» EXERCISE OBJECTIVE
The response should repeat word for word every line below from the one with "Mie Godog Jawa" to the one with "Halloween Pumpkin Doormat", inclusive, and nothing else; leave pictures out.

#### MATERIAL PROVIDED ####

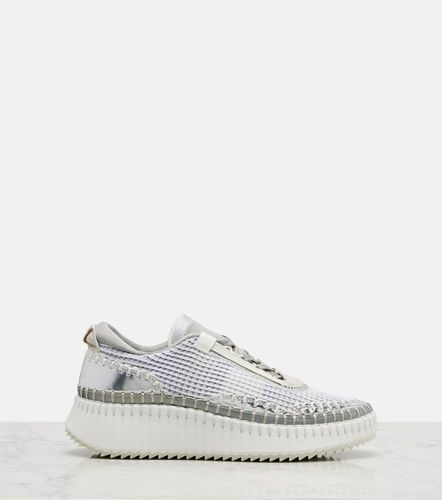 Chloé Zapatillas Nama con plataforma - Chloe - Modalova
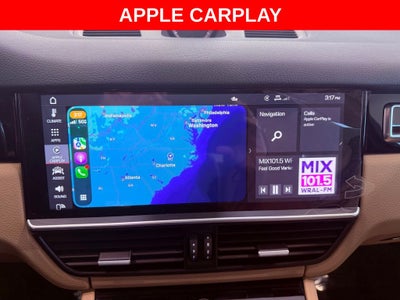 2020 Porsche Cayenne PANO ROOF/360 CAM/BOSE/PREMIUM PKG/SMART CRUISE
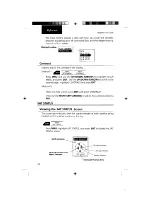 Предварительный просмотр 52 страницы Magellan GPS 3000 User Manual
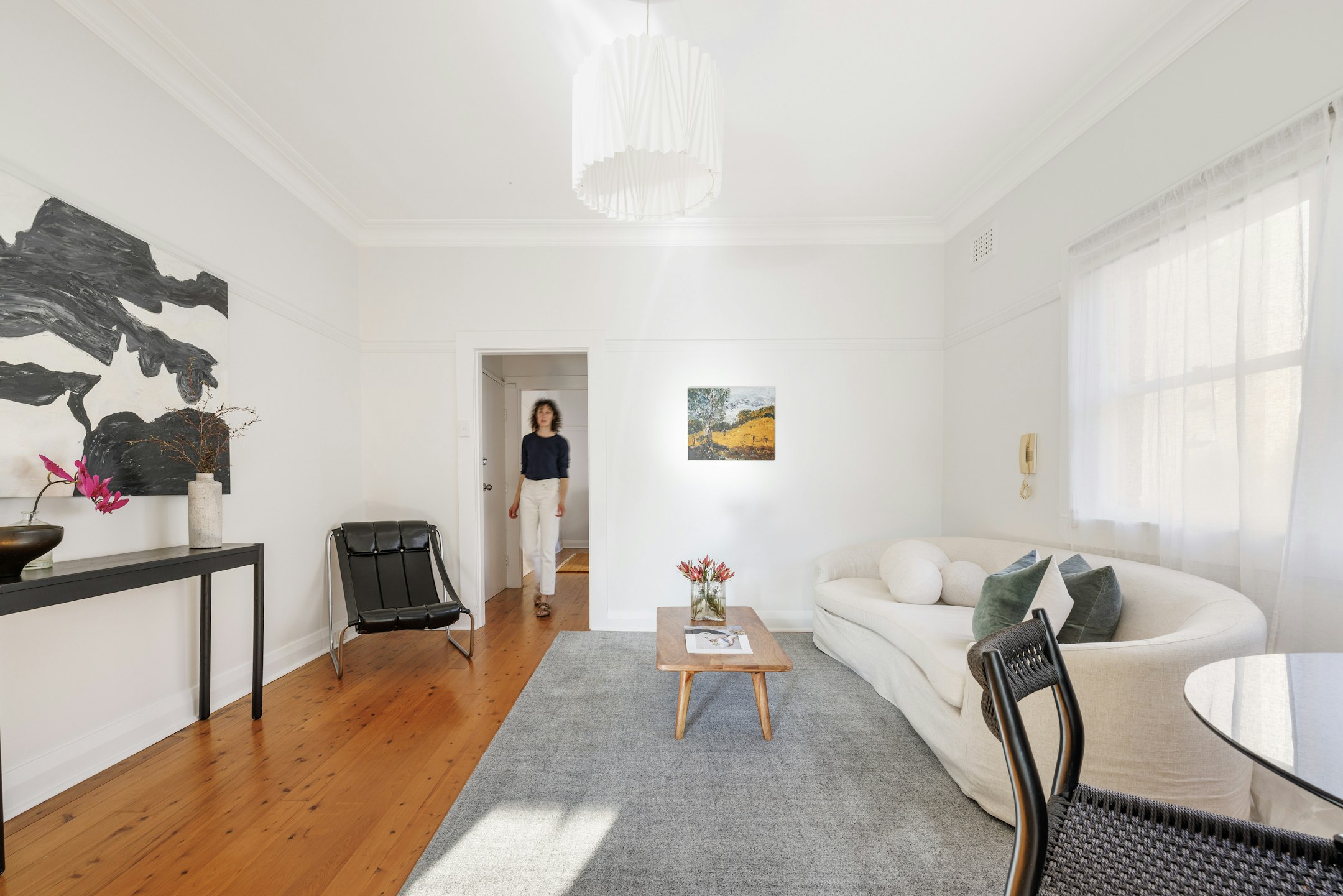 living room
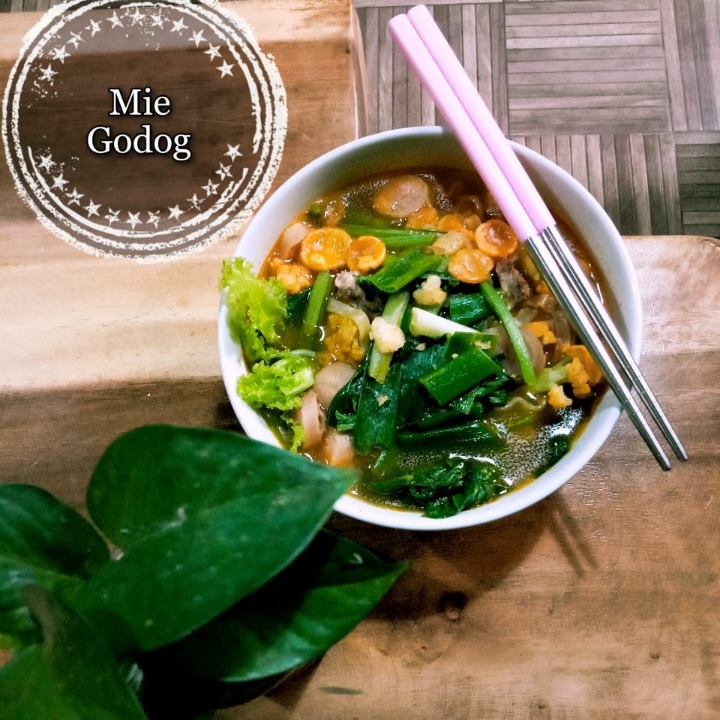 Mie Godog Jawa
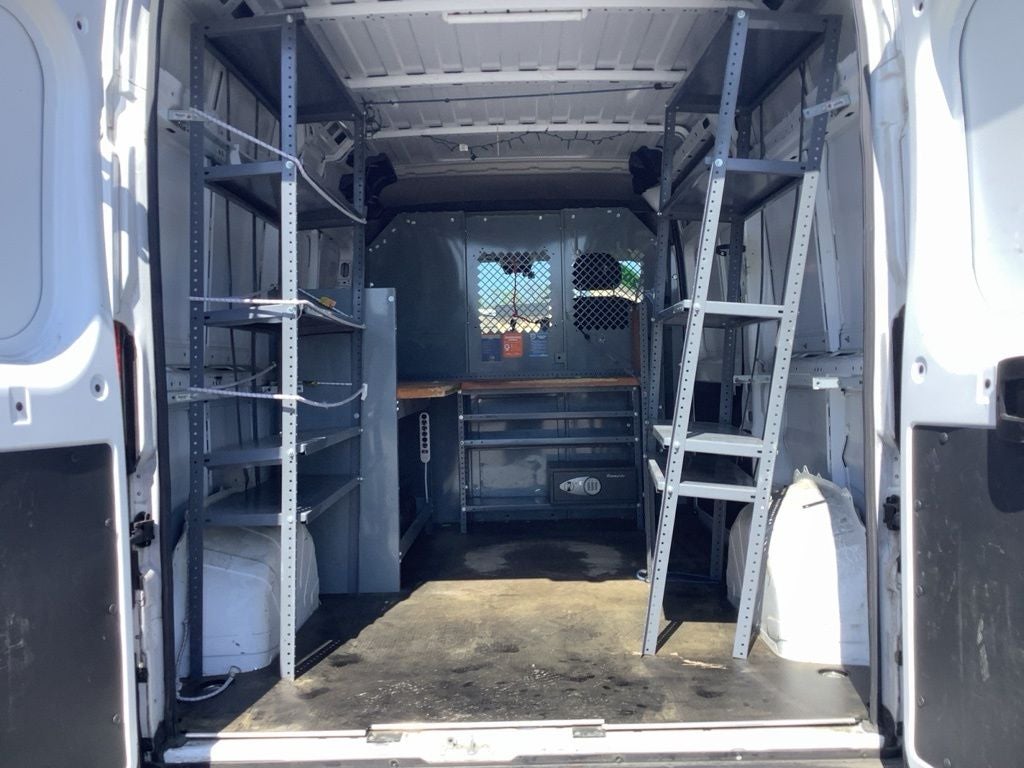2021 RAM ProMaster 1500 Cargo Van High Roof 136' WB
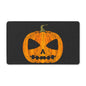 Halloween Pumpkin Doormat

####
#### MATERIAL PROVIDED ####

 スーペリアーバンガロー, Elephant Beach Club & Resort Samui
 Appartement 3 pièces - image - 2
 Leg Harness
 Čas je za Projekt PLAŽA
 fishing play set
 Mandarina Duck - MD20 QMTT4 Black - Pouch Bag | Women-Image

####

» RESPONSE AREA
 Mie Godog Jawa
2021 RAM ProMaster 1500 Cargo Van High Roof 136' WB
 Halloween Pumpkin Doormat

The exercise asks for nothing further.